■ Exercise
Only the lines from the "Poster an empty" line through the last line of the material below belong in the answer, reproduced exactly and with no pictures.

■ Supplied material
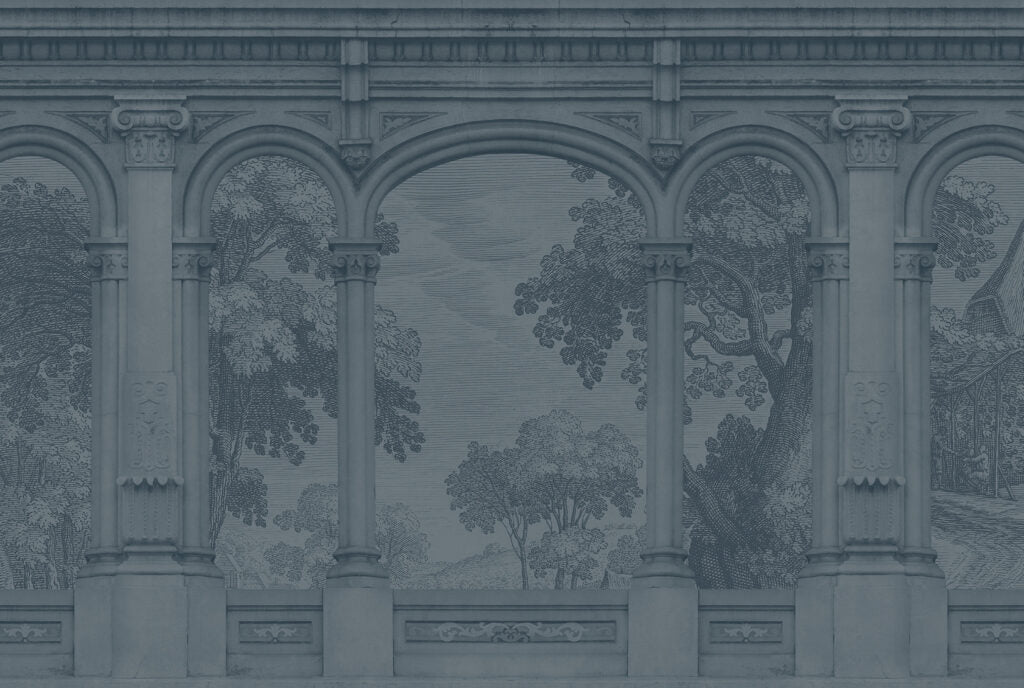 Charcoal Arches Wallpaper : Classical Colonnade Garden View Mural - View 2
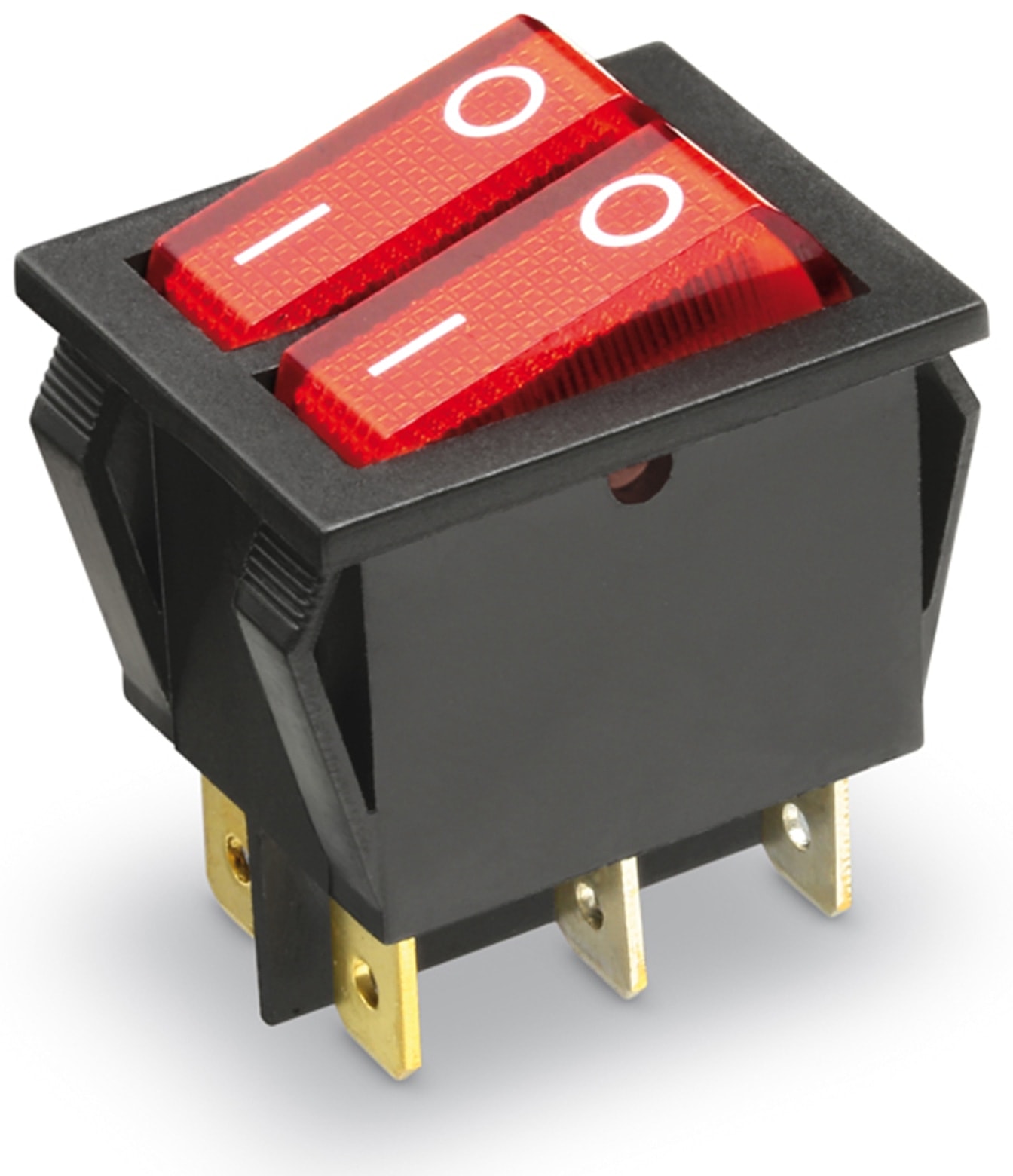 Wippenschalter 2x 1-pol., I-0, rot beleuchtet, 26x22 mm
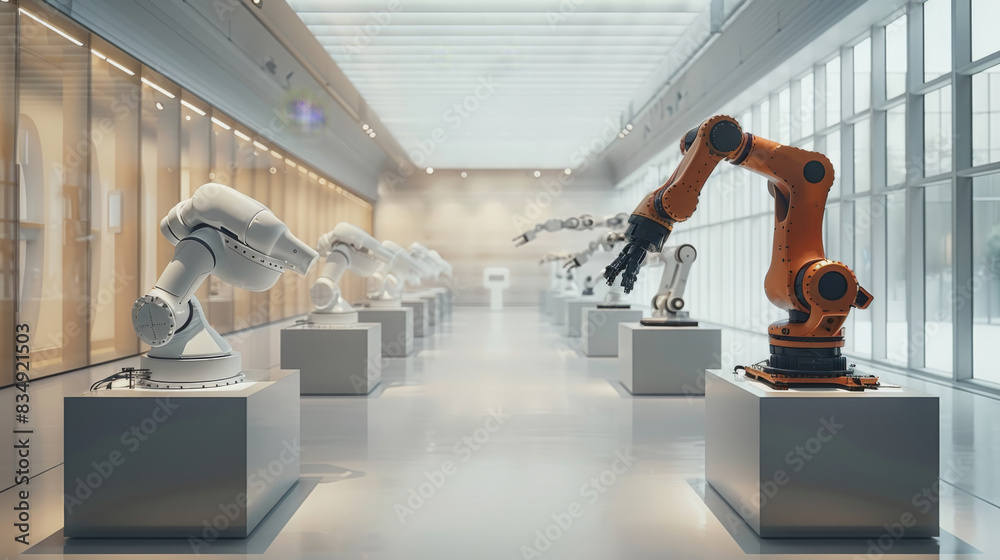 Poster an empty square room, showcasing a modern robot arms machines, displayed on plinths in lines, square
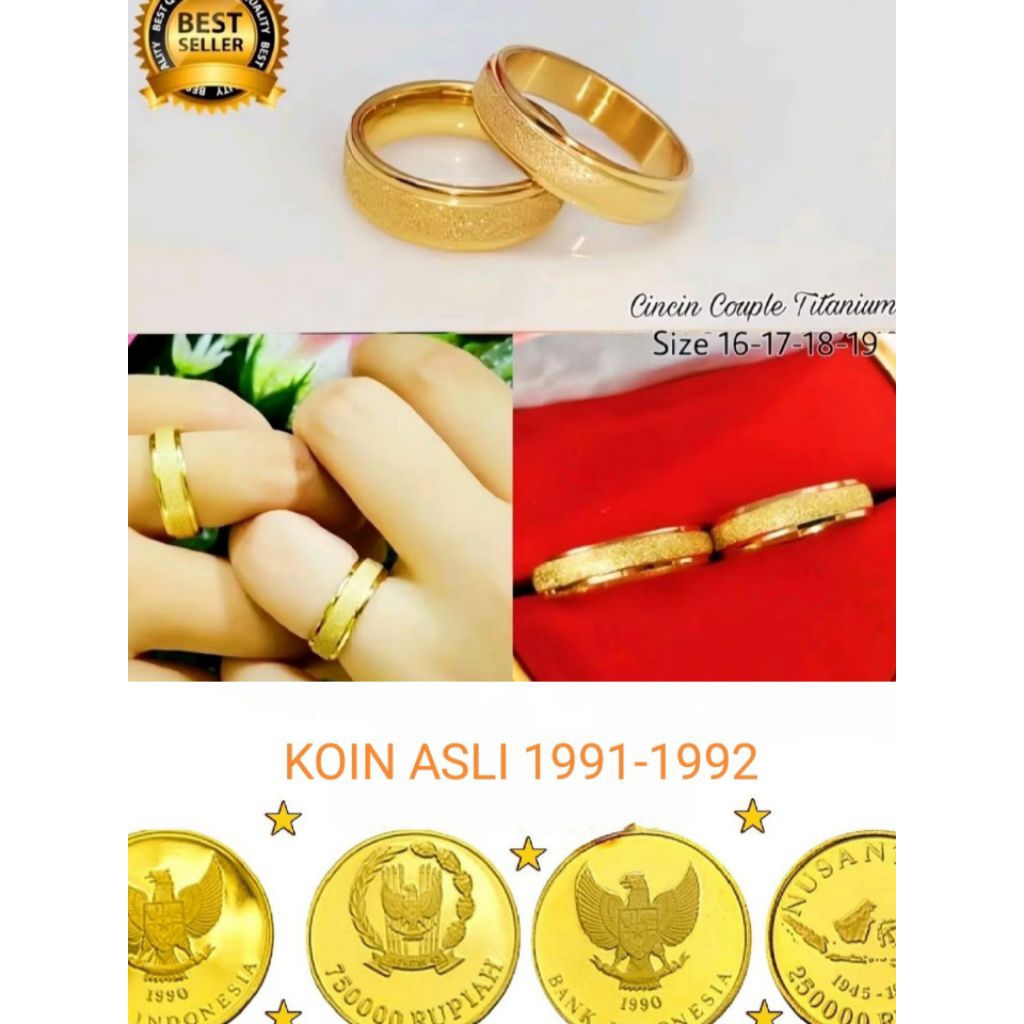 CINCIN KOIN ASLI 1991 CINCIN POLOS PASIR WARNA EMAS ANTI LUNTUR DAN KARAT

■ Response below
 Poster an empty square room, showcasing a modern robot arms machines, displayed on plinths in lines, square
 CINCIN KOIN ASLI 1991 CINCIN POLOS PASIR WARNA EMAS ANTI LUNTUR DAN KARAT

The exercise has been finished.